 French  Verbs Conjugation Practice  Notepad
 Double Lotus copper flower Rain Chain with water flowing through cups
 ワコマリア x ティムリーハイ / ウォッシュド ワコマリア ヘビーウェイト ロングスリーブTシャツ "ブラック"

....

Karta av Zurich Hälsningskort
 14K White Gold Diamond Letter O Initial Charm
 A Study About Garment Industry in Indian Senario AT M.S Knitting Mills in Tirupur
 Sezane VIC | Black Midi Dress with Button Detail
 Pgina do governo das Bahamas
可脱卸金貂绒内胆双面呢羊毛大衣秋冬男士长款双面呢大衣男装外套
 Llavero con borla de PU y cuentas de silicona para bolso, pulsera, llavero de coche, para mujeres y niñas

....

Task objective:
Start with the line above that contains "Sezane VIC |" and end with the line that contains "Llavero con borla". Write out those lines exactly, and only those.

Task response:
 Sezane VIC | Black Midi Dress with Button Detail
 Pgina do governo das Bahamas
可脱卸金貂绒内胆双面呢羊毛大衣秋冬男士长款双面呢大衣男装外套
 Llavero con borla de PU y cuentas de silicona para bolso, pulsera, llavero de coche, para mujeres y niñas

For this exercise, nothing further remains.